STORED DATA =>
%%

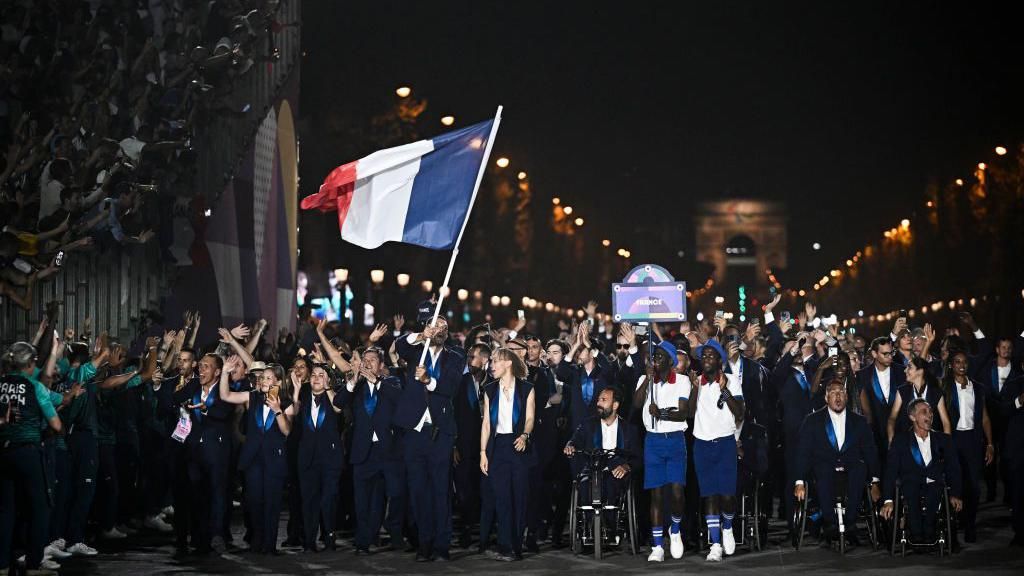 France's delegation arrived at the Place de la Concorde to a huge ovation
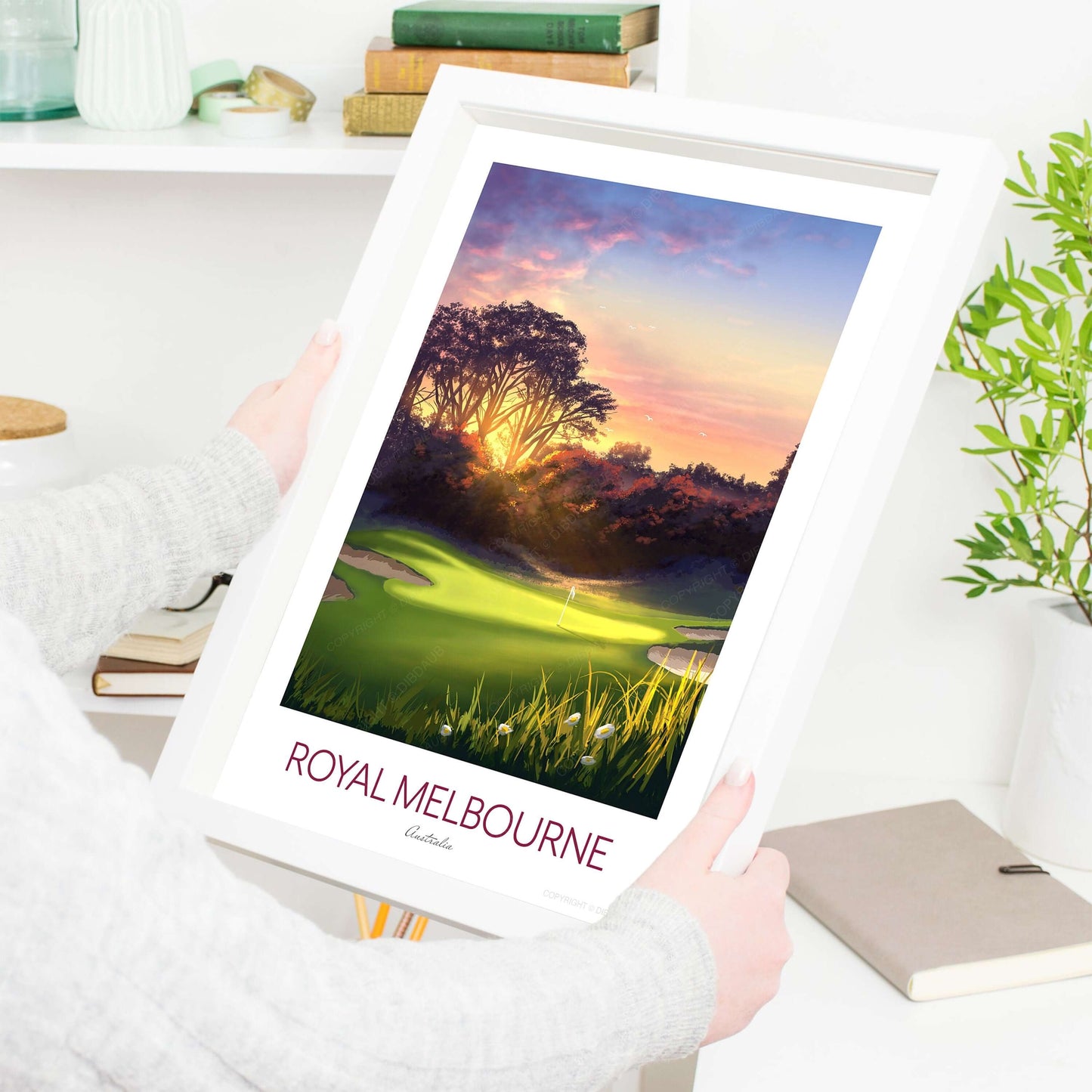 A lady holding a framed golf print of Royal Melbourne in a living room.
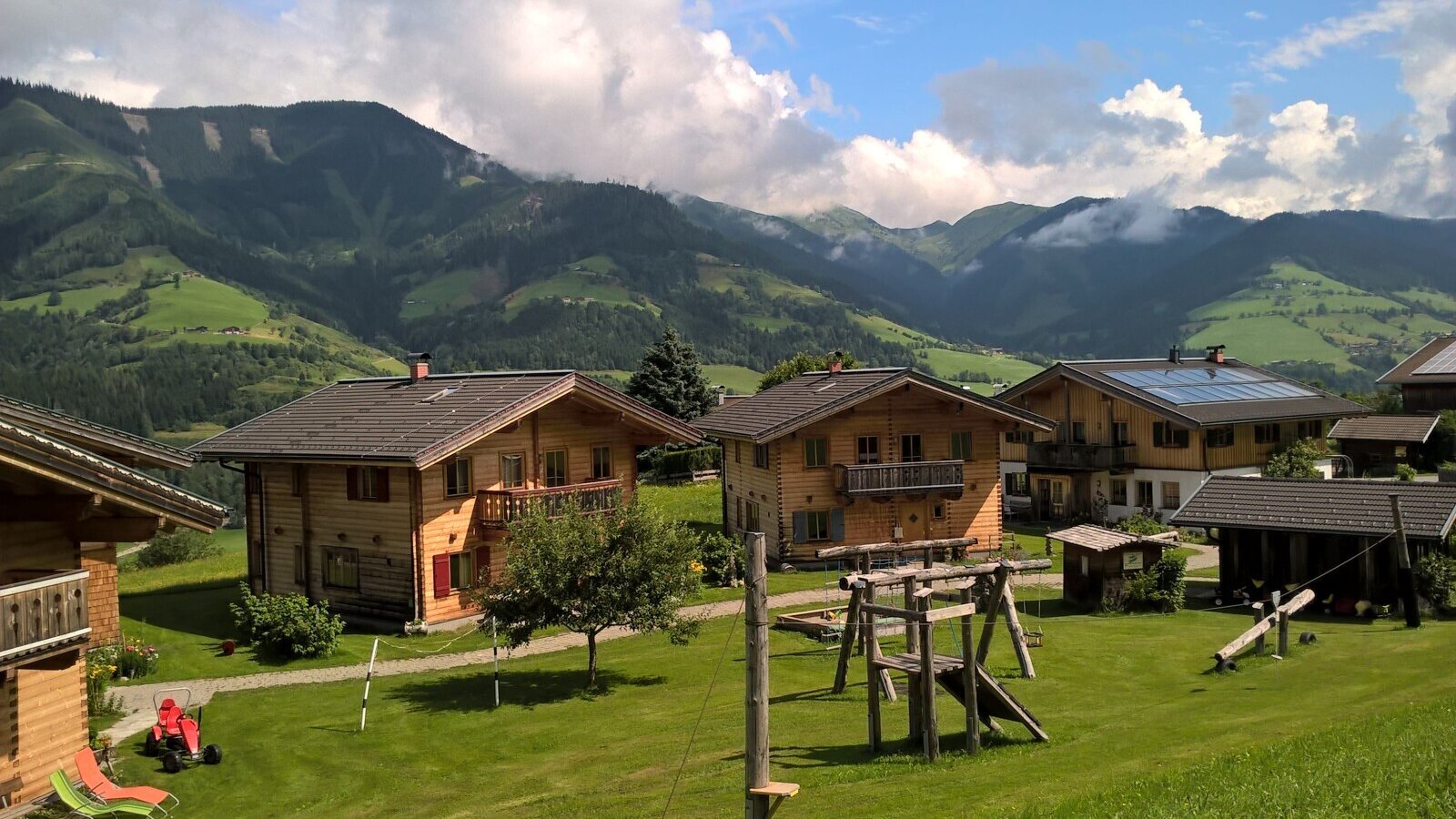 Der Bauernhof bietet mehrere Holzhäuser auf einer grünen Wiese mit Kinderspielplatz und Bergblick.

%%

WORK TO BE COMPLETED => The required answer is an exact copy of the lines from the one containing "A lady holding" through the last line of the material, with the pictures removed.

RESULT FOR THIS EXERCISE =>
 A lady holding a framed golf print of Royal Melbourne in a living room.
 Der Bauernhof bietet mehrere Holzhäuser auf einer grünen Wiese mit Kinderspielplatz und Bergblick.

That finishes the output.